Gli argomenti non mancano. Si punta a un’Italia di regioni speciali, stravolgendo l’assetto vigente del rapporto tra lo stato e le regioni. Cos’è in fondo l’autonomia in salsa leghista se non la specialità della singola regione, diversa nella forma ma nella sostanza analoga a quella delle regioni in senso tecnico speciali? In entrambi i casi l’autonomia si sottrae alla legge ordinaria e al referendum abrogativo. Ma dobbiamo ricordare che la Consulta dichiarò costituzionalmente illegittima la legge regionale che prevedeva il quesito referendario «vuoi che la Regione del Veneto diventi una regione a statuto speciale?».

Per i livelli essenziali delle prestazioni (Lep), la riforma prevede decreti delegati entro due anni. Dichiara fino ai decreti anzidetti applicabile la legge di bilancio, che richiama invece un decreto del presidente del Consiglio dei ministri (Dpcm) e persino un commissario. Si dispone addirittura che sia fatta salva la determinazione dei Lep ai sensi di quei commi «alla data di entrata in vigore dei decreti legislativi di cui al presente articolo».
Chi decide cosa, come e quando? Un dubbio rimane, come quello che viene sugli atti di iniziativa delle Regioni già presentati al Governo, «di cui sia stato avviato il confronto congiunto tra il governo e la Regione interessata». Vanno esaminati secondo le «pertinenti disposizioni della presente legge». Allora per una parte la legge Calderoli non è pertinente e non si applicherà? Quale parte?

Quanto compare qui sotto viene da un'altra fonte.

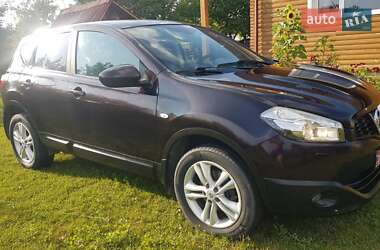 Внедорожник / Кроссовер Nissan Qashqai 2011 в 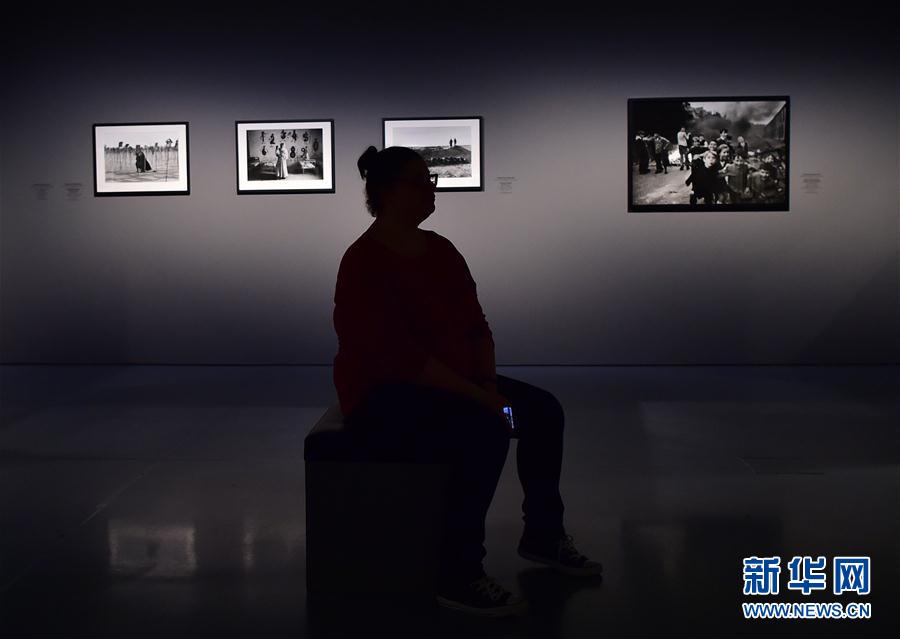 （国际）（4）德国杜塞尔多夫举行女战地摄影师作品展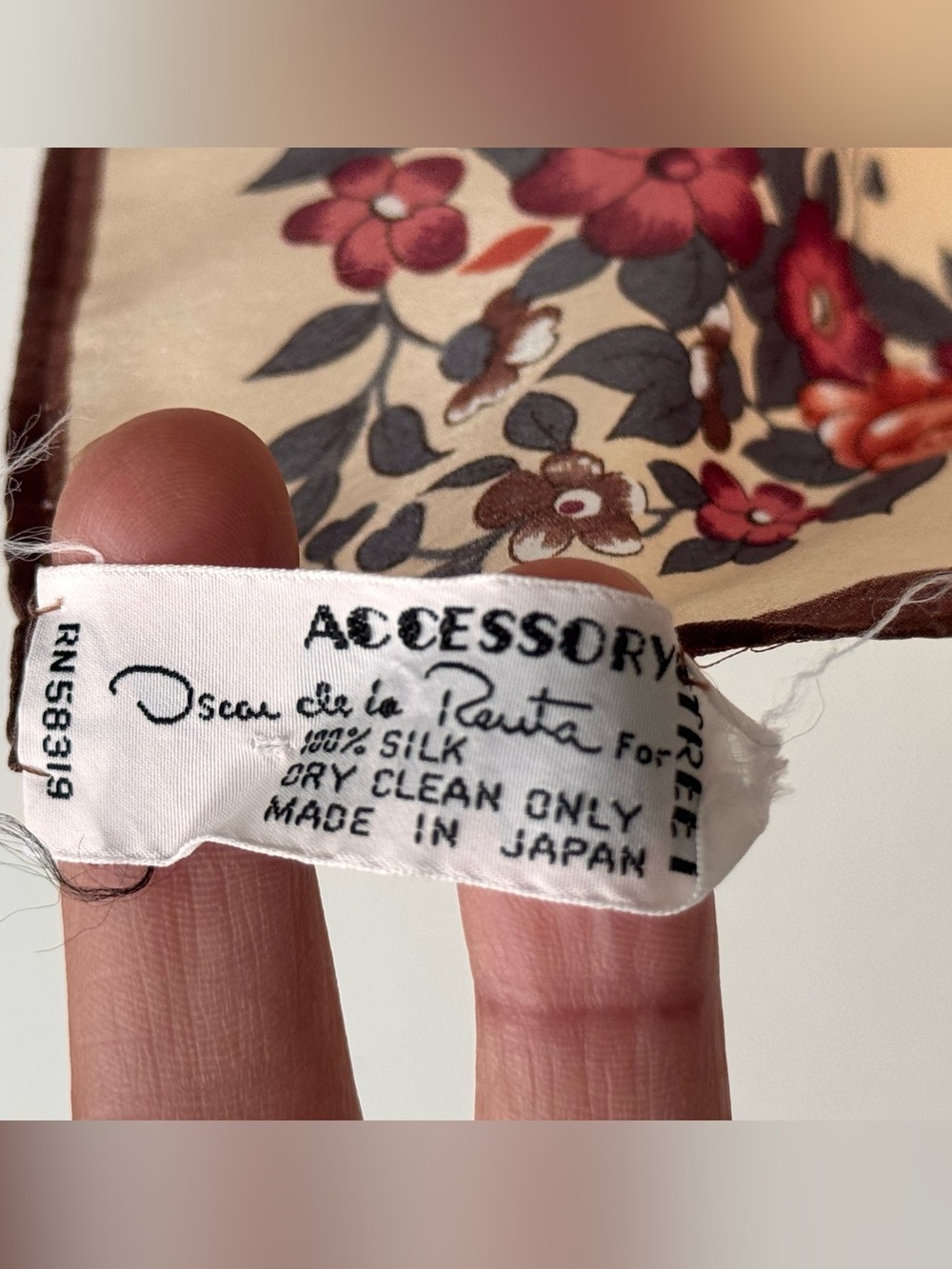 Vintage Oscar de la Renta 100% Silk Floral Square Scarf Cream Burgundy Japan - Picture 5 of 9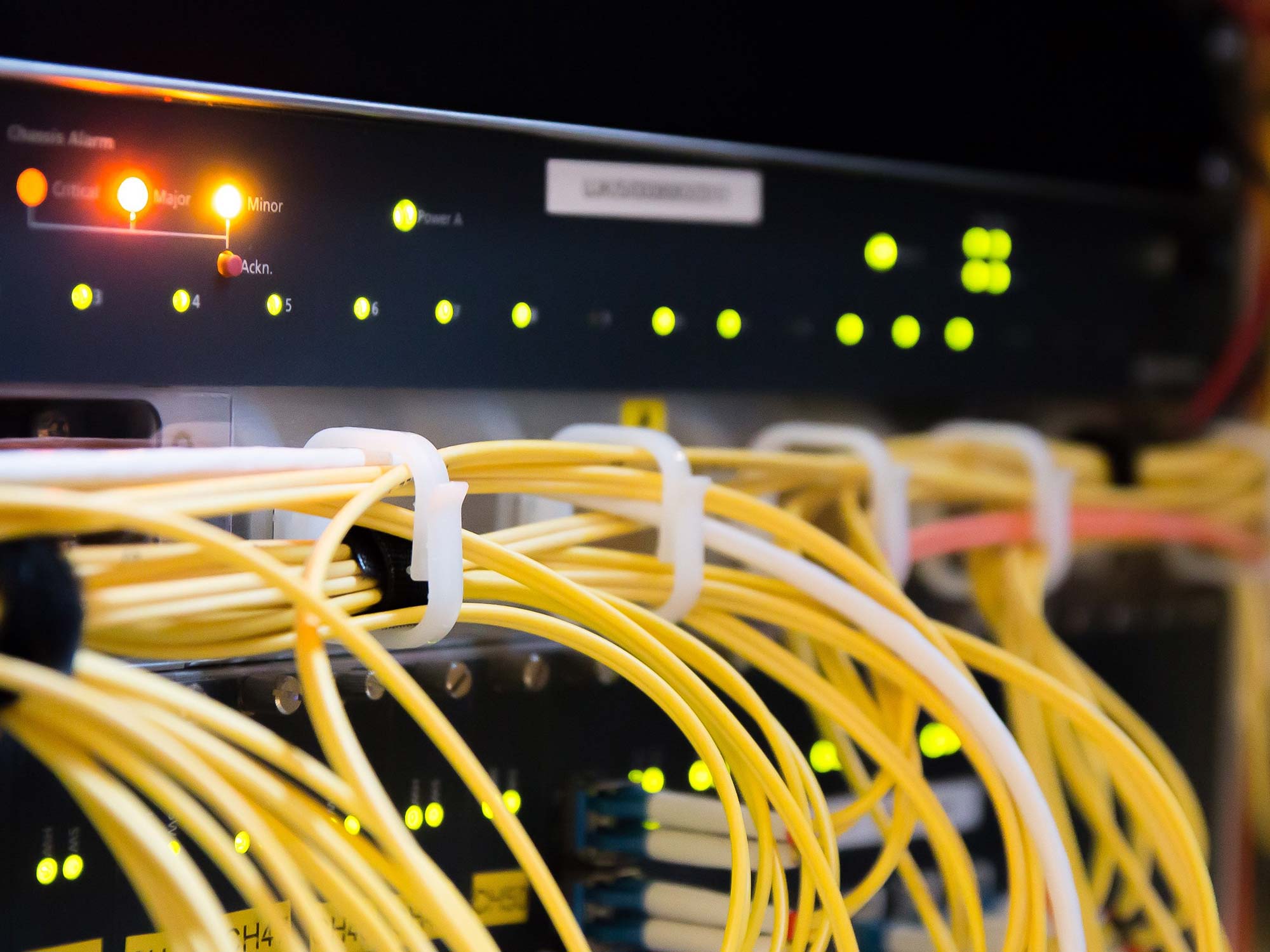 cloud-server-gebaeude-technik-cat-6 Cloud Server im Gebäude - CAT.6 Kabel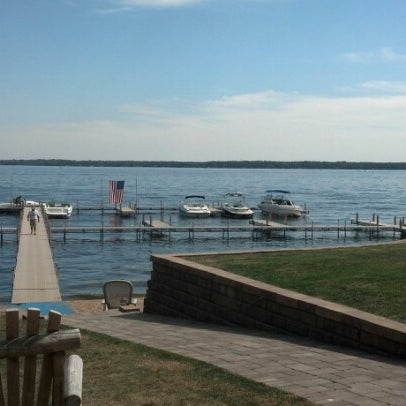 eatery quarterdeck boathouse resort
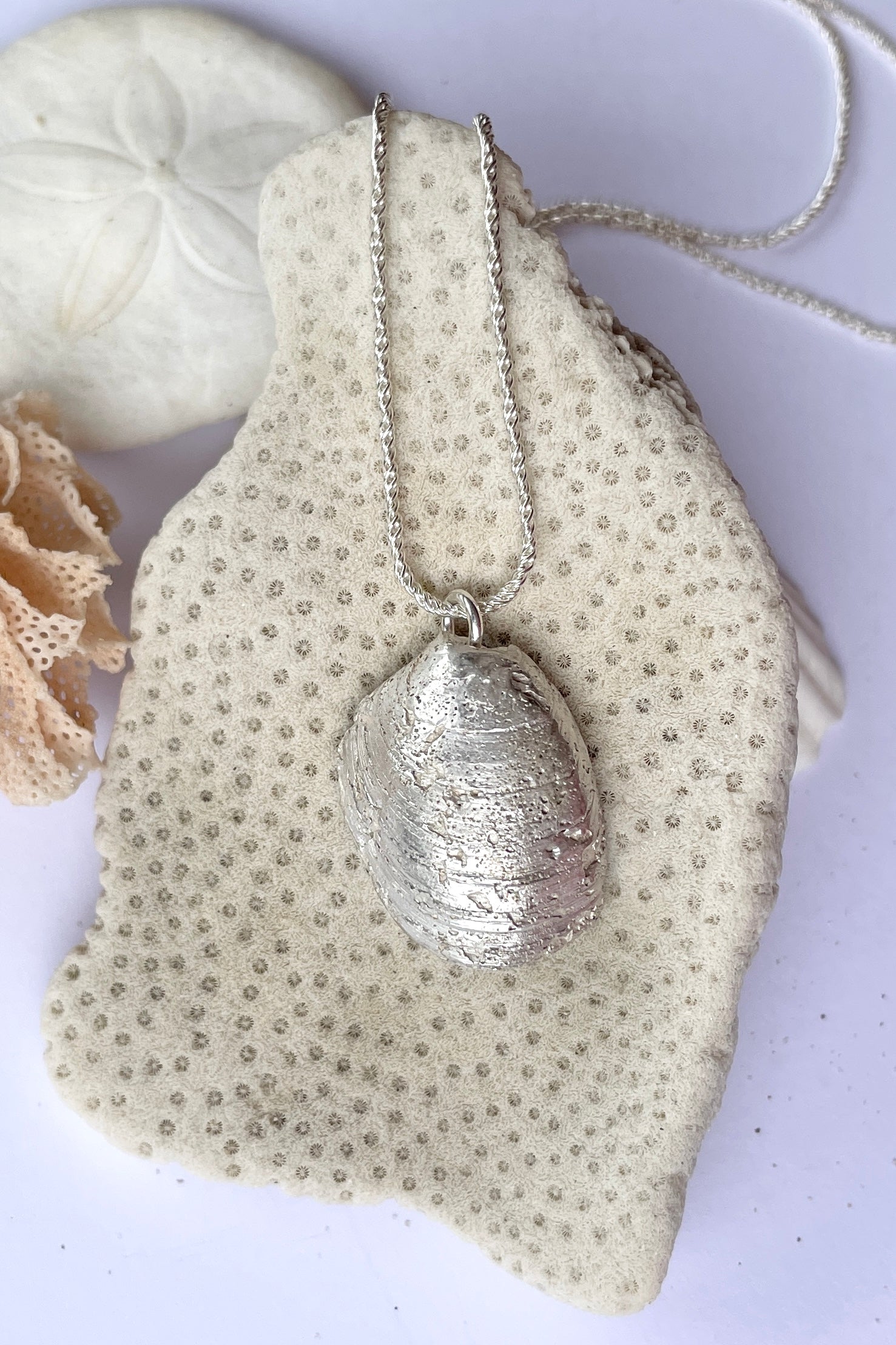 Pendant Undersea Secret Shell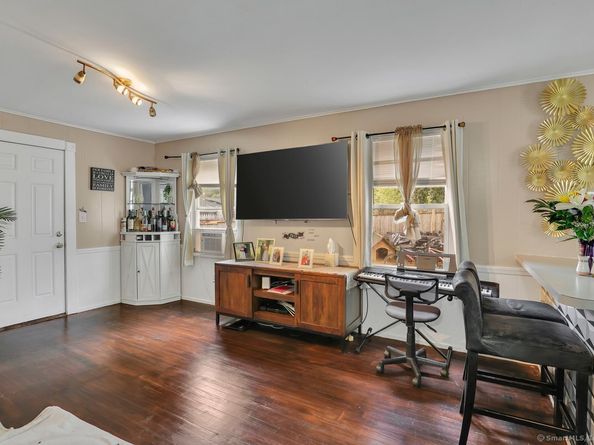197 Dupont Place, Bridgeport CT 06610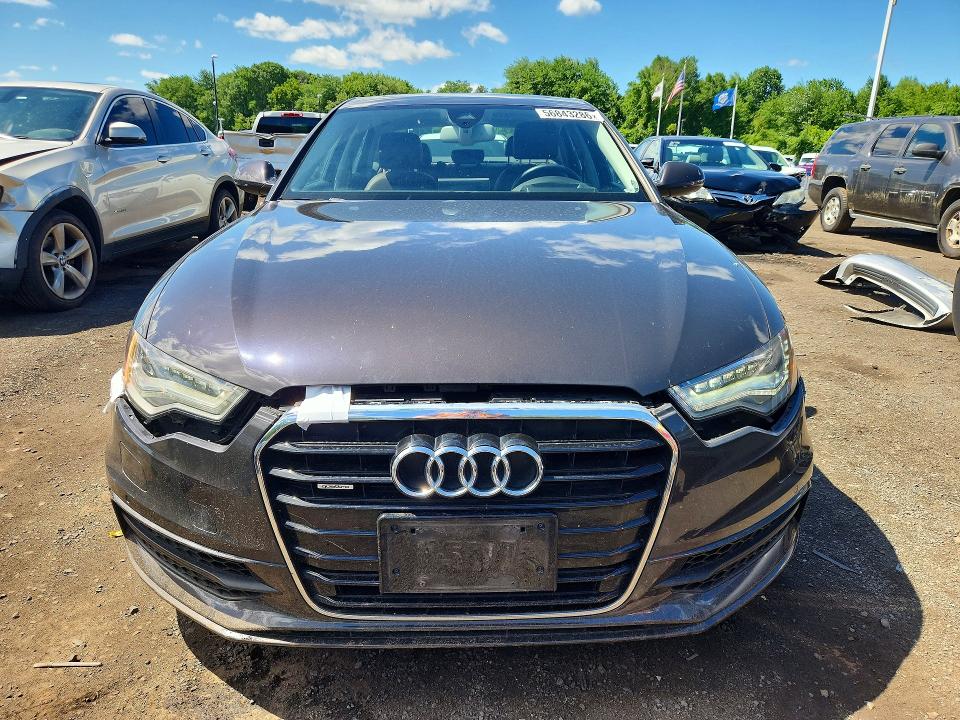 56843286 :رقم المزاد ، WAUHGAFC8FN009799 vin ، 2015 Audi A6 مزاد بيع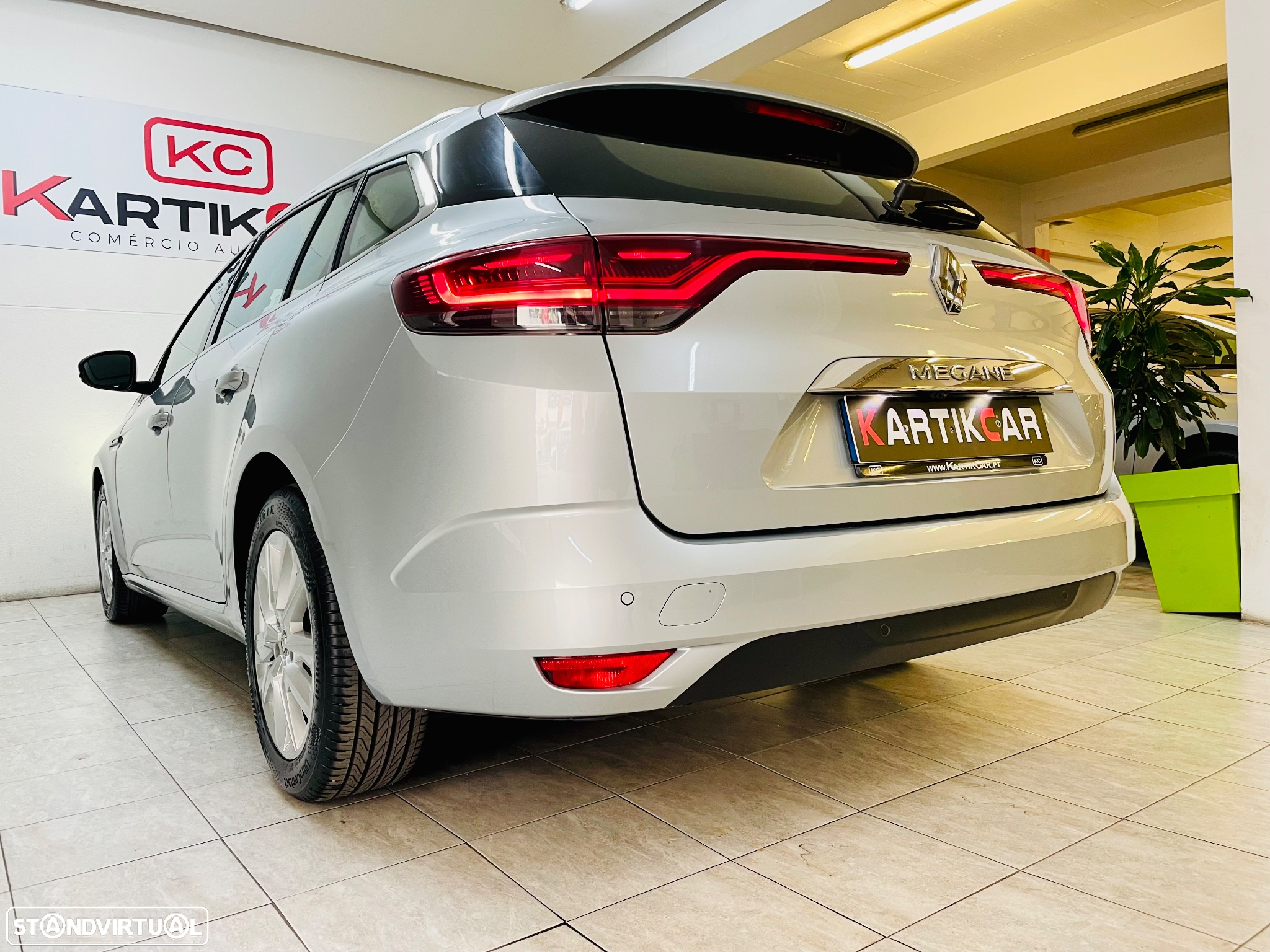 Renault Mégane Sport Tourer BLUE dCi 115 INTENS - 11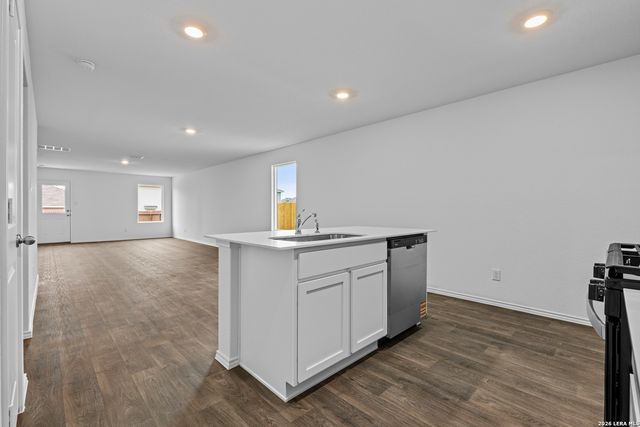 12536 Spoor Vly, Converse, TX 78109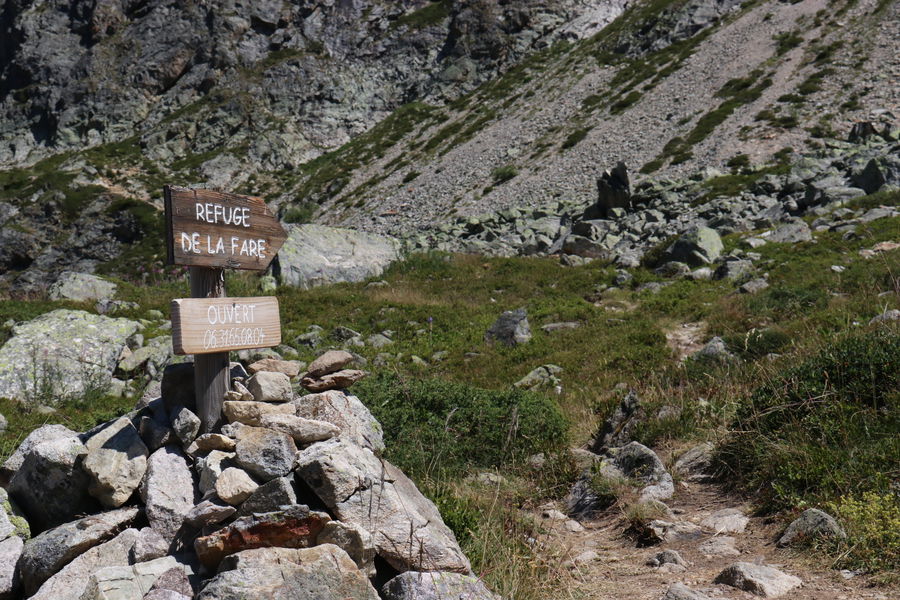 Départ du sentier pour le Refuge de la Fare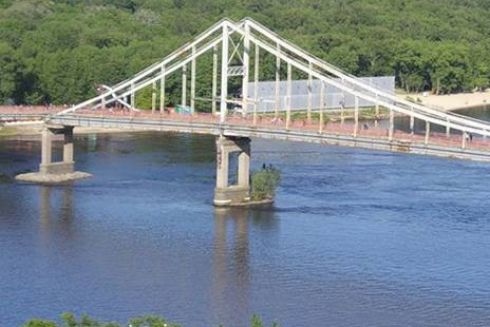 В Киеве обвалилась часть Пешеходного моста на Труханов остров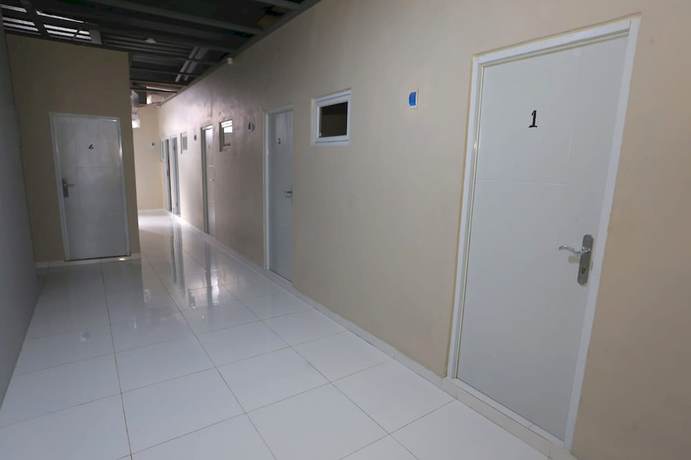 Imagen de los interiores del Hotel Oyo 93356 Pondok Cirendeu. Foto 17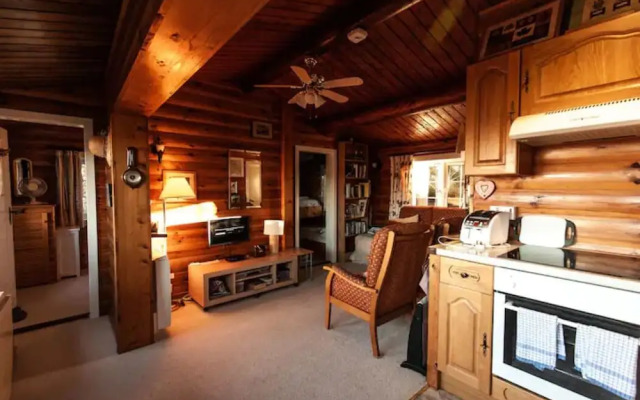 Two Bed Log Cabin in the Mountains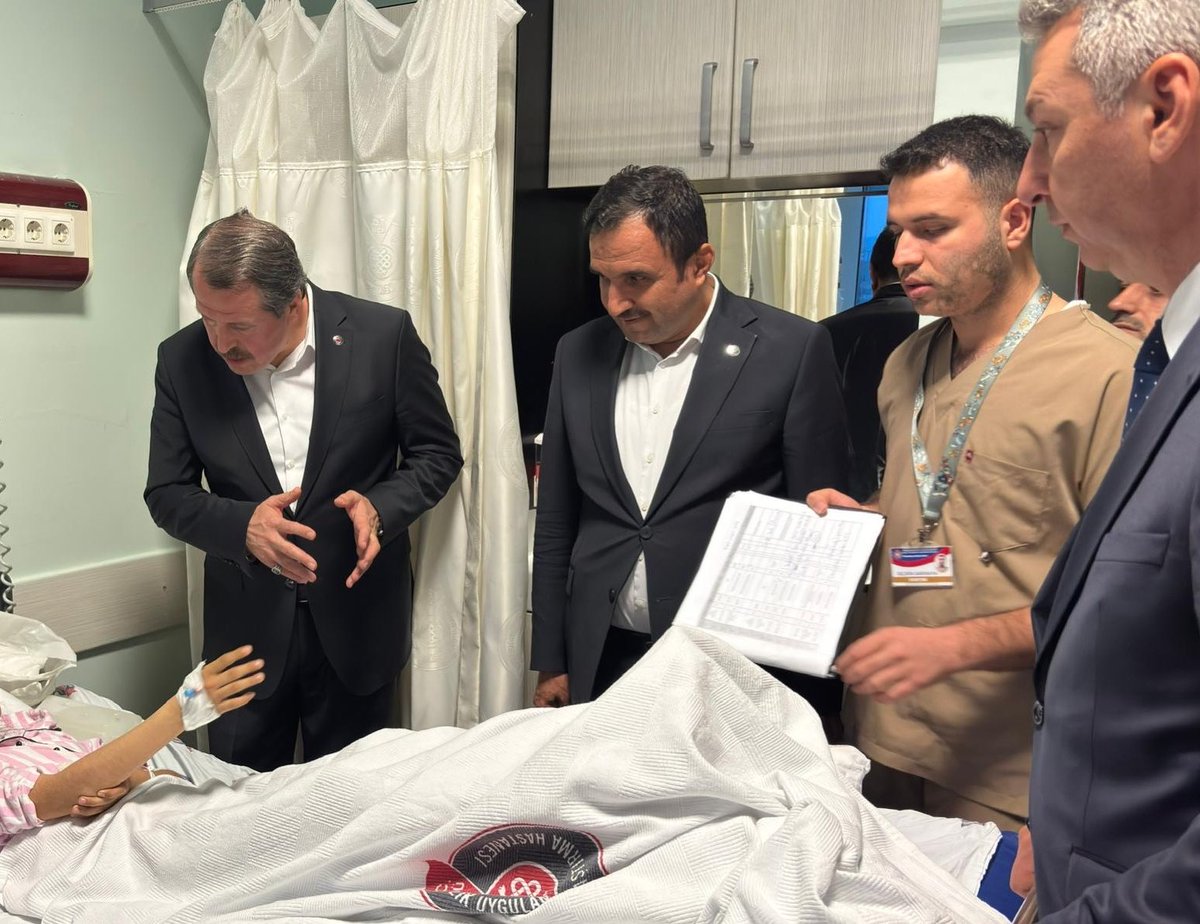 Bu acının tarifi gerçekten zor… Yüreğimiz paramparça.

Hayatlarının daha başında, acımasızca kurşunlanarak aramızdan koparılan bu canlar bizim canlarımız, meslektaşımız, öğrencilerimizdi.

“Evlat acısı kıyamettir” derler…

Dün Şanlıurfa’daydık bugün Kahramanmaraş’ta. O kıyameti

Sono punti che potrebbero consentire a Calderoli una fuga in avanti per le Regioni (Lombardia e Veneto, Emilia-Romagna chissà) che ricadono nell’identikit. Potremmo trovarci ad affrontare una (prima) attuazione dell’autonomia in tempi brevi. E qui troviamo l’audizione dell’Ufficio parlamentare di bilancio (Upb) del primo febbraio nella Commissione bicamerale per le riforme regionali.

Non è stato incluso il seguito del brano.